Instructions to follow: From the data below, return the exact lines starting at the line containing "SHAHIDA PARIDES GLACIER" and ending at the line containing "Retro Floral Print", both included, and nothing else.

Source material:
————————

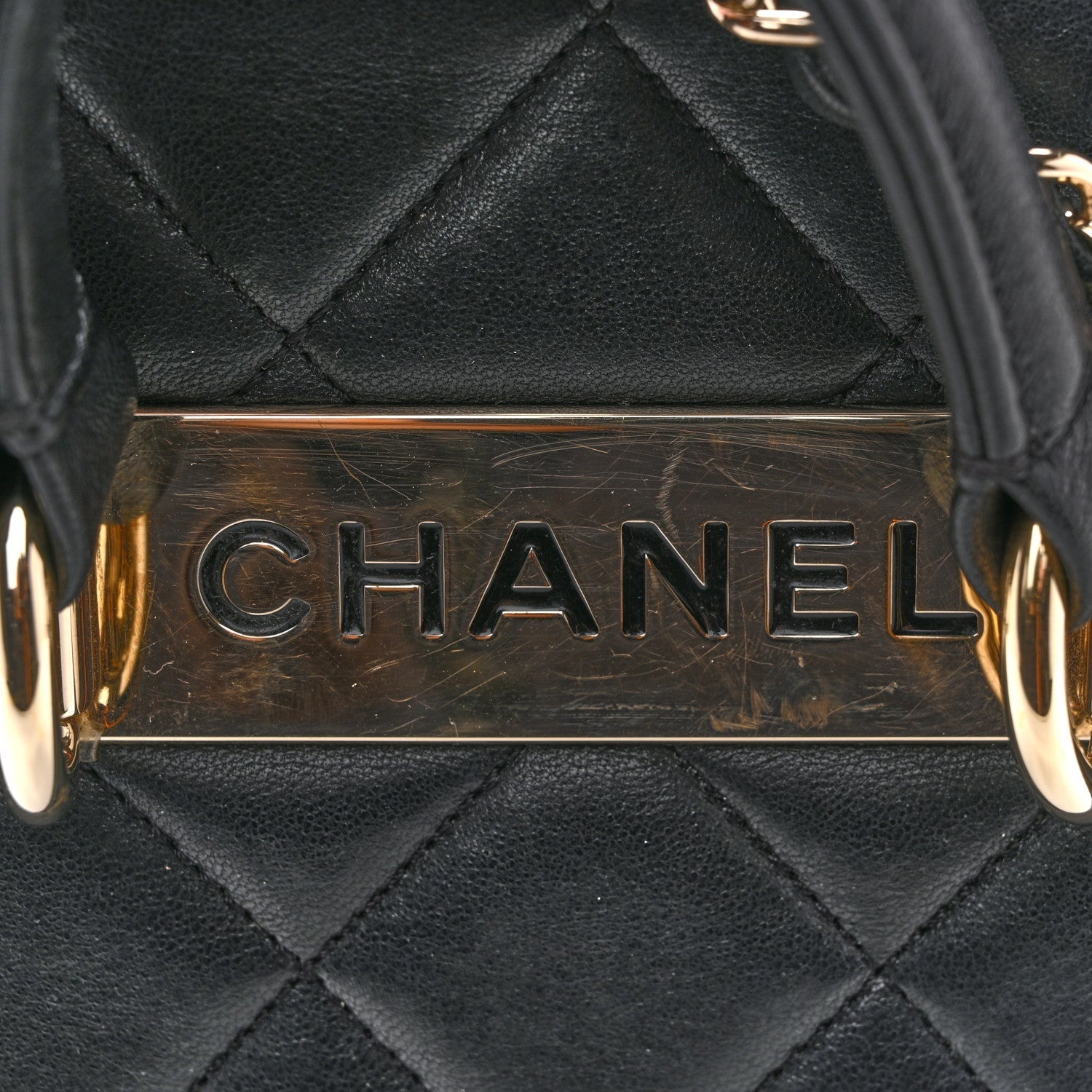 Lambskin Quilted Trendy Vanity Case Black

————————

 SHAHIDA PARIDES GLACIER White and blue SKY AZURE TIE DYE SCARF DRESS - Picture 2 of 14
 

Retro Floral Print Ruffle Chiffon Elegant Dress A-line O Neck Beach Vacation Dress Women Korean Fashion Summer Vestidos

————————

The answer:
 SHAHIDA PARIDES GLACIER White and blue SKY AZURE TIE DYE SCARF DRESS - Picture 2 of 14
 

Retro Floral Print Ruffle Chiffon Elegant Dress A-line O Neck Beach Vacation Dress Women Korean Fashion Summer Vestidos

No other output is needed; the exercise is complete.